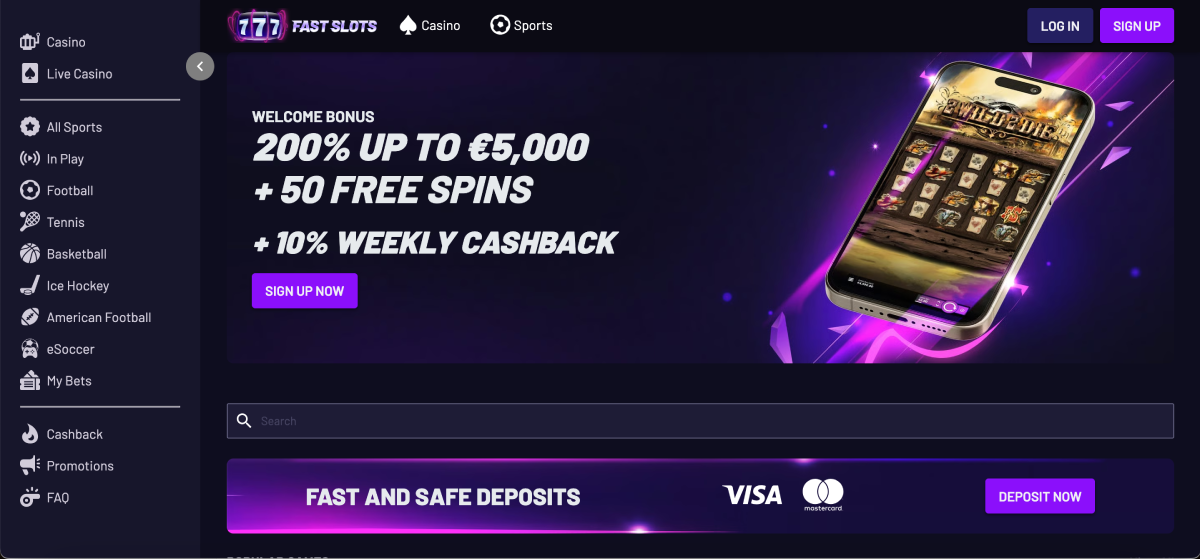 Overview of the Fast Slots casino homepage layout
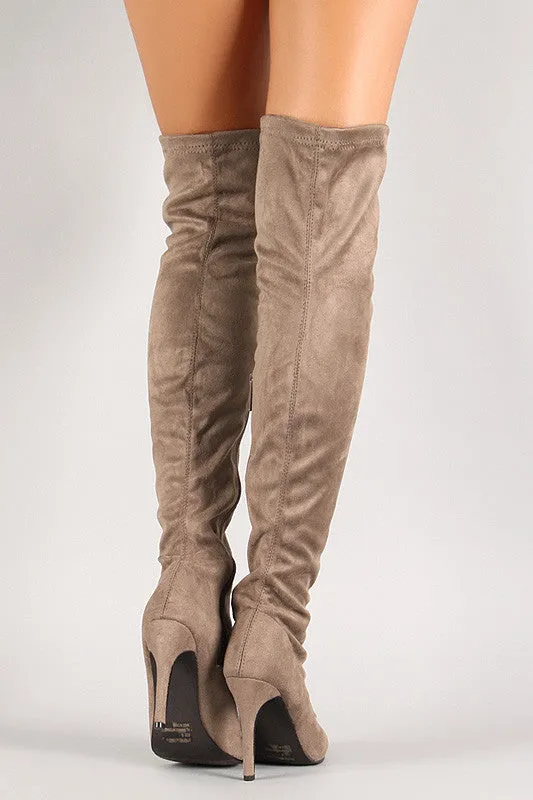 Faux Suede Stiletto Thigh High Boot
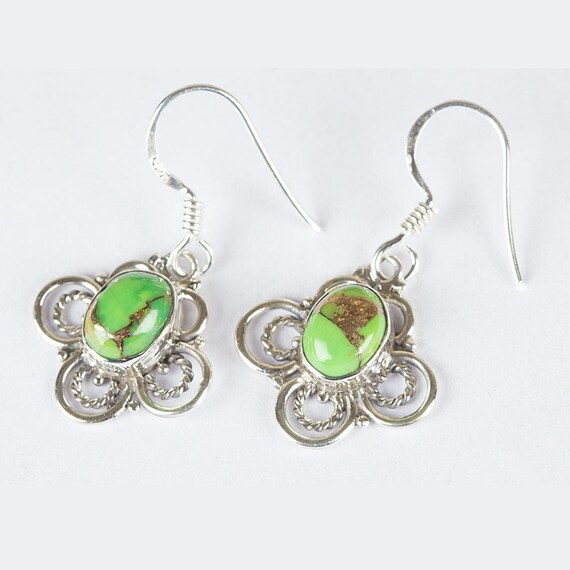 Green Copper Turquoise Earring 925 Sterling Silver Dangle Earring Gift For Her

§ **Your assignment**:
The required response consists solely of the lines from the line containing "Faux Suede Stiletto Thigh High Boot" through the end of the listing, both ends included, copied exactly without pictures.

§ **Result of the task**:
 Faux Suede Stiletto Thigh High Boot
 Green Copper Turquoise Earring 925 Sterling Silver Dangle Earring Gift For Her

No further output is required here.